The majority clearly believed otherwise, owing in part to John Brown's reputation from the Kansas violence and the cavalier way in which the abolitionists had entrusted 200 rifles to him for safekeeping. In this connection the committee elicited from some of the witness strong statements about their desire to end slavery and about their belief in a "higher law" that empowered them to challenge slavery.

The majority concluded that John Brown and his colleagues were "lawless ruffians" against whom the laws of the states were proof and that the United States was without the power to legislate. The majority warned that "If the several states, whether from motives of policy or a desire to preserve the peace of the Union, if not from fraternal feeling, do not hold it incumbent on them, after the experience of the country to guard in future by appropriate legislation against occurrences similar to the one here inquired into, the committee can find no guarantee elsewhere for the security of peace between the States of the Union."

The minority took a different tack, observing that "It is almost astonishing that in a country like ours, laden with the rich experience of the blessings of security under the protection of law, there should still be found large bodies of men laboring under the infatuation that any good object can be affected by lawlessness and violence." And as illustration of this view they referred to the filibusters who invaded neighboring countries for the apparent purpose of bringing such lands under American dominion for the expansion of slavery, those who violated the laws against engaging in the slave trade and the border ruffians who entered the Kansas Territory for the purpose of securing the permanence of slavery there.

The minority continued, "While this act of violence and treason, and the alarm, suspicion, suffering and death it involves are so deplorable, we cannot but see that the lessons which it teaches furnish many considerations of security against its repetition", not the least of which was that the ages might not produce another John Brown and provide him with resources.

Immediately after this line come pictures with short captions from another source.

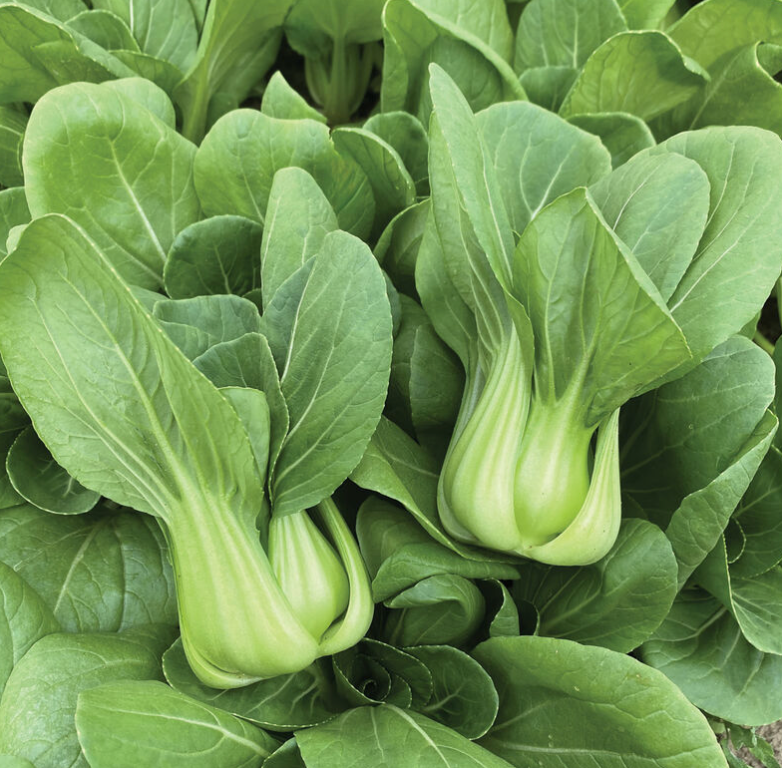 Bok Choy - Shanghai Green (JulieAnn Gardens)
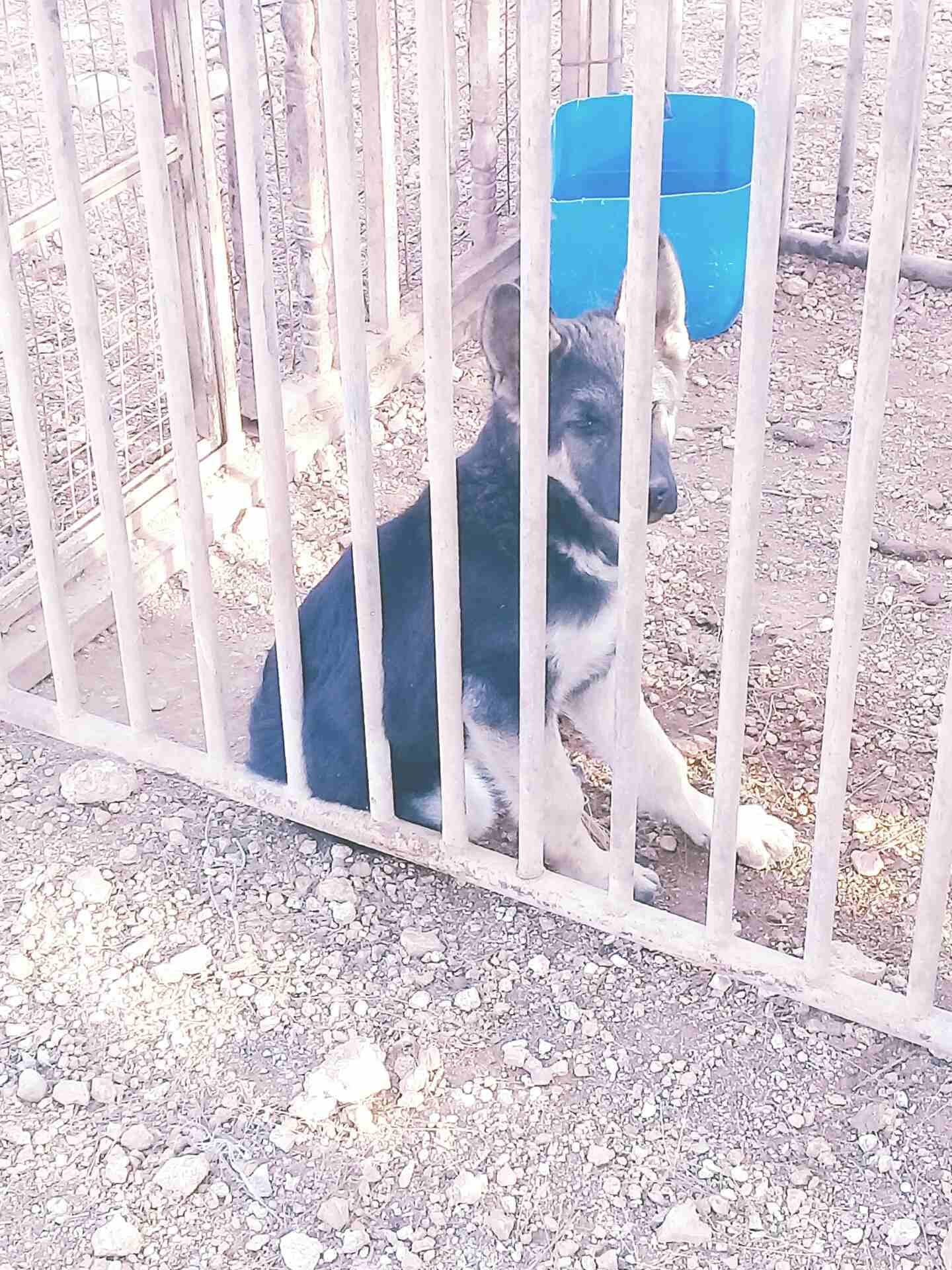 للبدل فقط
لا تنسَ أنك شاهدت هذا الإعلان في عنكبوت
للبدل فقط العمر4شهور...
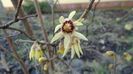 Ian.-febr. 2021 - Arbustul zanei (Chimonanthus praecox)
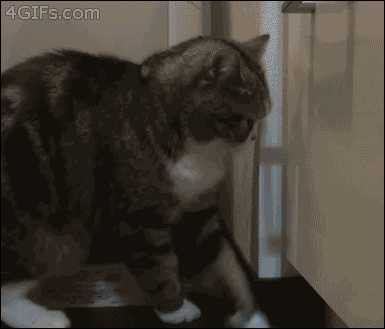 Des chats trop rigolos - 22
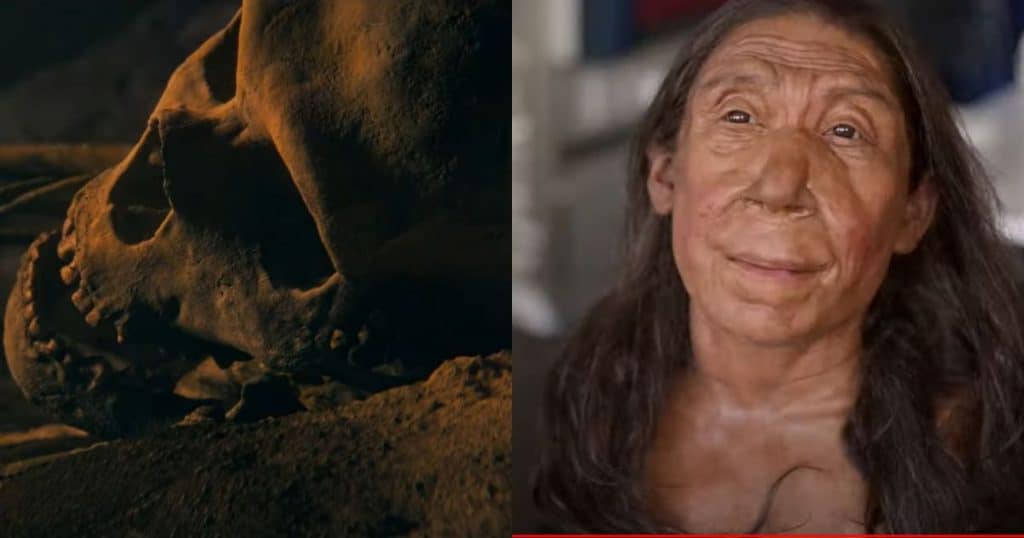 Donna neanderthal shanidar z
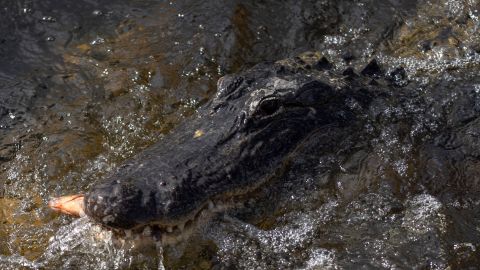 Florida To Give Out 24-Hour Permits During Alligator Hunting Season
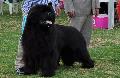 Cão da Terra Nova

An interesting footnote to the committee's hearing and dueling reports is that, shortly after the Senate adopted the resolution to establish the select committee, Senator William Bigler, Democrat from Pennsylvania, offered a bill, designated S. 72, that empowered that the President to summon and employ the militia "whenever the United States, or any State or Territory thereof, shall be invaded, or be in in imminent danger of invasion, from any place whatever, whether external or internal, to the United States". The bill was referred to the select committee on the invasion of Harper's Ferry. When Senator Mason offered the committee's report to the Senate, he also moved that the committee be relieved of any further obligation to consider Bill S. 72.

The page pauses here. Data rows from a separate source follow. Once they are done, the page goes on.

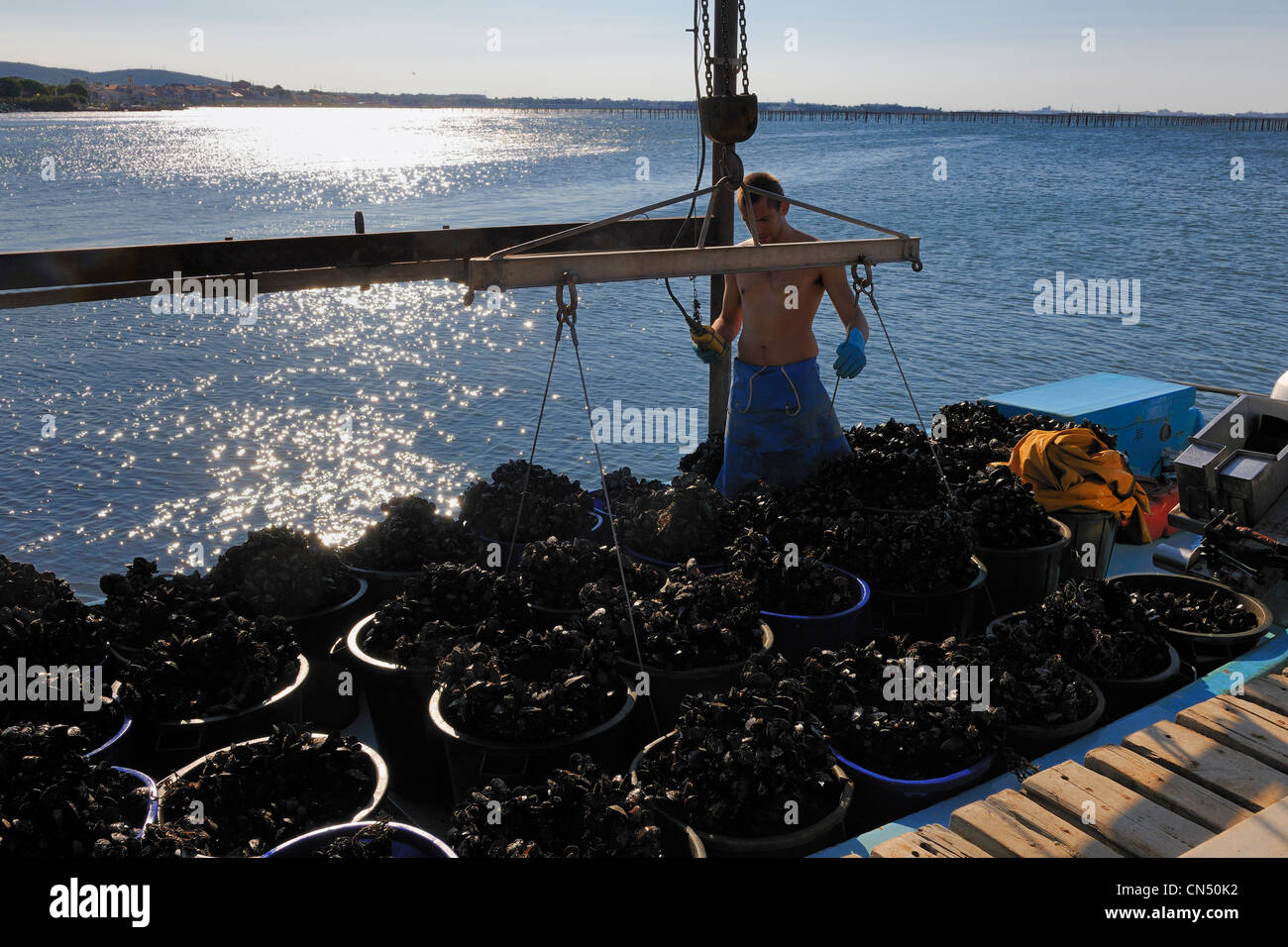 France, Herault, Bouzigues, Bassin de Thau, oyster and mussels farm from the Benezech family at the Place called La Catonniere, Stock Photo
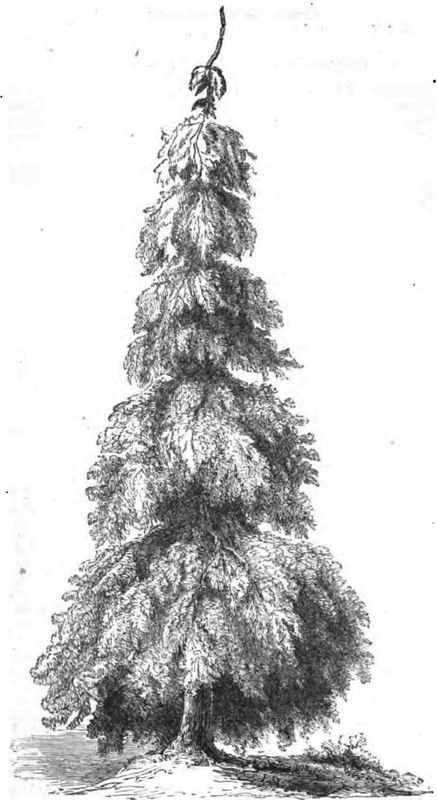 PINUs STROBUs PENDULA.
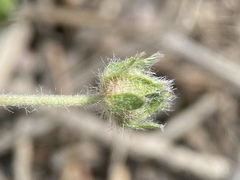 Potentilla johnstonii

When after the 1860 election the states of the deep south began to secede, President James Buchanan lamented that, although he believed that secession was unlawful, he lacked to authority to take action against it. Had Bill S. 72 become law, it might have provided the legal authority that the president said he lacked based upon the argument that the secession governments constituted domestic invasions. If it had been enacted and provided the power, the question remains whether President Buchanan would have had the backbone to use it.

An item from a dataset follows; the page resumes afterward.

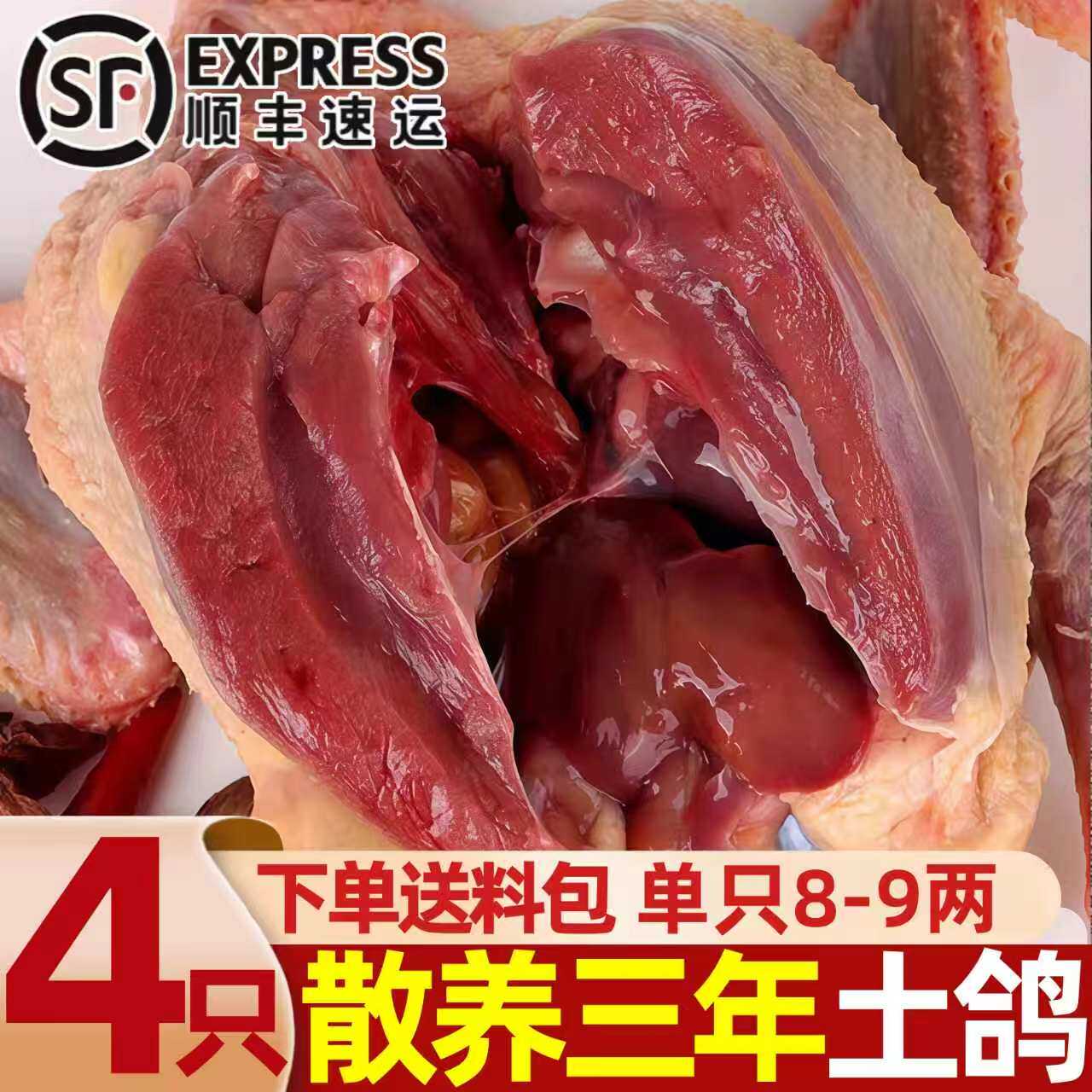 新鲜现杀农家散养乳鸽炖煲汤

President Buchanan has never rank highly within the pantheon or American deities, so it is easy to think ill of him. President Buchanan had sent a vessel to Charleston with supplies for the garrison at Fort Sumter, but Confederate batteries at the mouth of the harbor fired on it and drove it away. President Lincoln advised the Confederates that he was sending food to Fort Sumter, but if the expedition was fired upon it would put ashore additional troops and ammunition. General Pierre G.T. Beauregard, in commend of Confederate forces at Charleston, regarded Fort Sumter, if held by an adequate force, a perfect Gibraltar. The situation forced the Confederates to fire on the fort before it was strengthened. When the Confederates fired on the national flag, they largely unified northern public opinion in favor of using force to preserve the Union, a luxury that President Buchanan did not enjoy.